Pour rebondir sur l’article de notre jeune collègue Marion Grapaud, à propos du bonus de Maurice Levy, je fus surtout surpris d’apprendre que cette rémunération n’a, apparemment, pas été votée par l’assemblée générale. Ma première réaction : « Que fait le CAC ? »

Même si je ne connais pas les statuts, ni le fonctionnement, du groupe Publicis, je suis étonné qu’une telle rémunération ne soit pas apparue dans le rapport sur les conventions réglementées entre un dirigeant et son entreprise présenté par le CAC, d’autant que chaque part variable depuis 2009 aurait du apparaître comme une rémunération due.

Reprenons depuis le départ. Pour éviter abus des dirigeants et conflits d’intérêt dans les entités, certaines conventions sont encadrées par la « législation sur les conventions réglementées ». Cette législation concerne tous les types de sociétés, mais également d’autres entités comme les associations, et visent à faire adopter par l’assemblée générale, les contrats conclus entre un dirigeant et son entreprise, ou entre cette entreprise et une autre entreprise ayant toutes deux des dirigeants en commun (je suis le PDG d’une société qui passe un contrat avec une SARL dont je suis le gérant. On voit vite la feinte…).

Le CAC doit présenter (généralement) un rapport spécial sur les conventions réglementées à l’assemblée générale qui présente les conventions qui lui ont été communiquées, ou qu’il aurait découvertes pendant sa mission.

 

CONVENTION OU CONTRAT ?

En préambule, un point de droit un peu technique. Un client m’a demandé un jour la différence entre une convention et un contrat, question à laquelle j’ai eu bien du mal à répondre à brûle-pourpoint. Et bien, en s’appuyant sur l’article 1101 du code civil, tous les contrats sont des conventions mais toutes les conventions ne sont pas des contrats.

La nuance proviendrait du fait que la convention peut produire des effets juridiques sur des parties non signataires de ladite convention alors que le contrat limite ses effets aux parties en cause. Mais je laisse aux juristes pure-souches le soin de corriger cela si besoin est.

 

TROIS TYPES DE CONVENTIONS :

Ceci étant dit, la « législation sur les conventions réglementées » regroupe en réalité trois types de conventions dont nous ne voyons que la première partie aujourd’hui : Les conventions interdites (L.225-43 du code de commerce pour les SA, L.227-12 pour les SAS, L.223-21 pour les SARL)
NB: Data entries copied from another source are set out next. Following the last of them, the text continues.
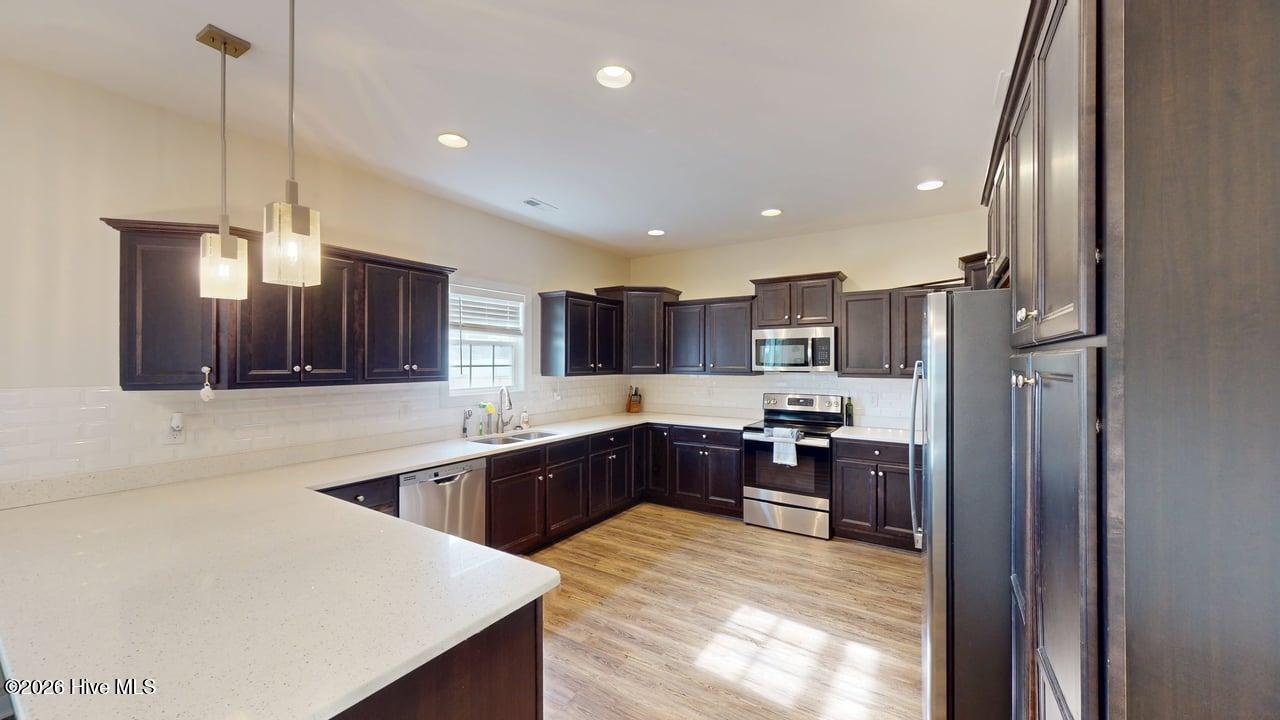 104 Ripken Court Goldsboro, NC 27530 - Photo 19 of 70 PN-104-Ripken-Ct-01092026_112416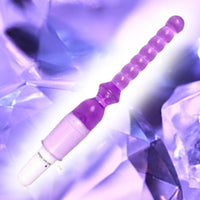 Anal-Plug-Massager-Dildo-Beads-Vibrator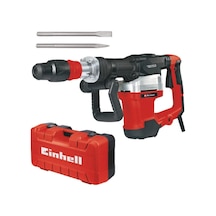 Te Dh 32 Kırıcı 1500 Watt 32 Joule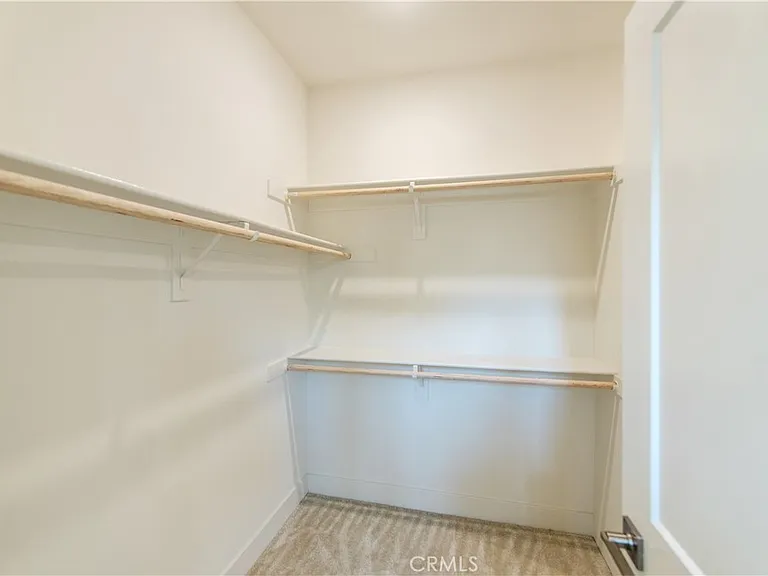 31983 Paseo Bridal — Photo 28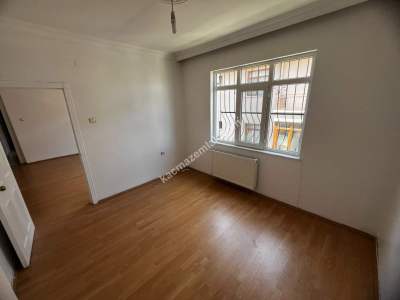 Çankaya,Seyranbağları,Ballıbaba Sk.ta Kiralık 3+1 Daire 11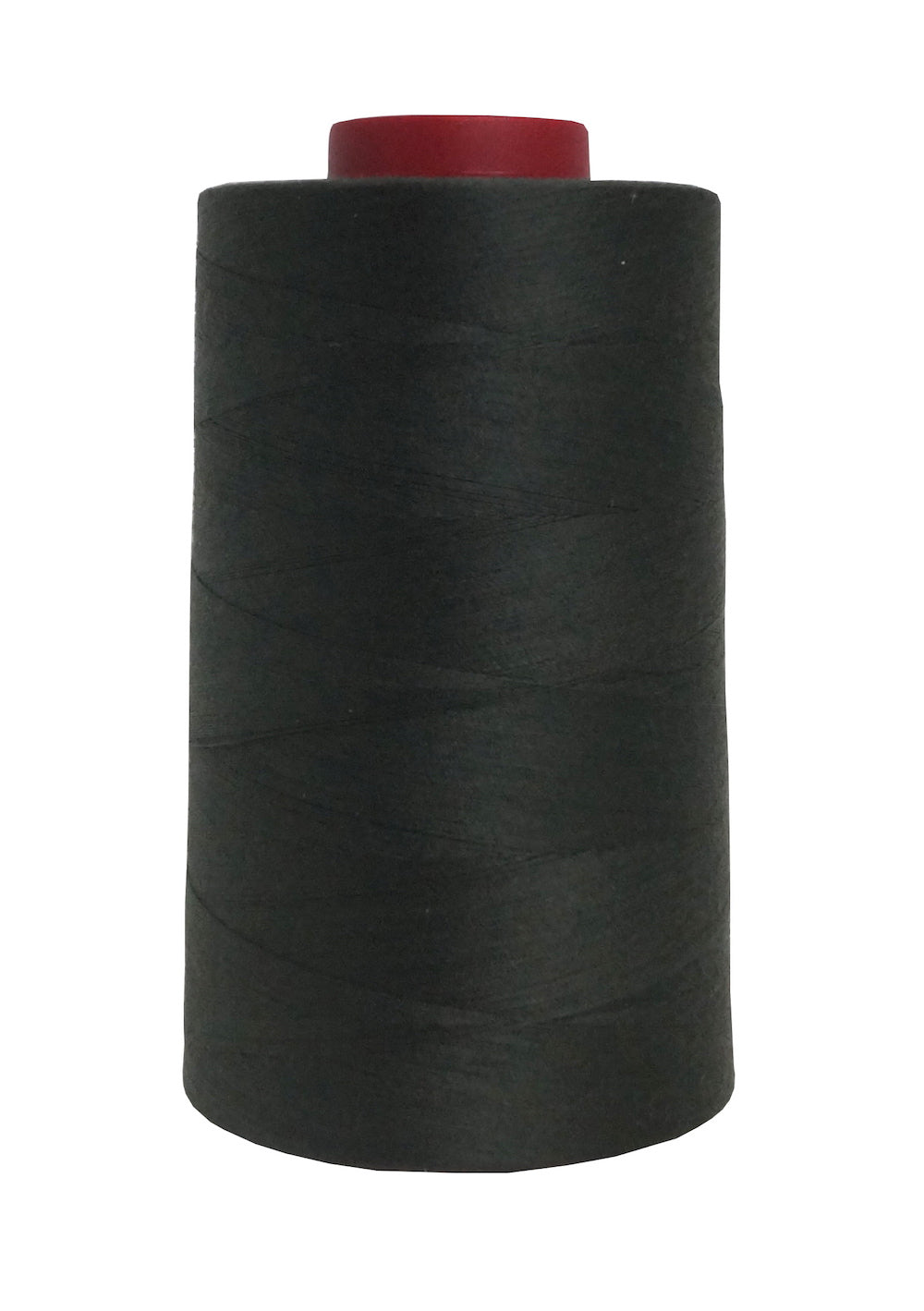 Cometa-120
Il est strictement interdit pour les dirigeants d’une société ou d’une association :

  • De se faire prêter de l’argent par l’entité,
  • D’avoir un compte-courant débiteur dans l’entité, ou de se faire consentir un découvert sous quelque forme que ce soit,
  • De se faire consentir un aval, une caution ou une garantie par la société envers un tiers (si je ne rembourse pas l’emprunt de ma voiture personnelle, c’est la société qui le fera…)

Ne vous amusez pas avec ça ! Si la convention est assimilée à un détournement de fonds constitutif du délit d’abus de bien social, et alors soumis à l’article L.242-6 du Code de commerce qui puni ce délit d’un emprisonnement de 5 ans et d’une amende de 375 000 euros. De plus ces conventions peuvent être dénoncées par quelqu’un intéressé (un actionnaire, un autre dirigeant, un créancier social…) et frappées de nullité, c’est à dire comme si elles n’avaient jamais existés pour la société ; donc en plus je dois rembourser mon prêt…

En association, l’abus de bien social n’existant pas, il peut être caractérisé « abus de confiance ».

Évidemment, ces règles s’appliquent aux conjoints, ascendants, descendants et toute personne interposée. Si la société ne peut pas me prêter, elle peut le faire à ma femme… euh, non, voyez avec la case prison.

La quasi-seule exception à cette règle est si la société est une banque. La banque peut prêter de l’argent à son dirigeant, à condition que le prêt soit effectué dans des conditions normales, mais nous verrons cela dans l’article consacré aux conventions courantes conclues à des conditions normales.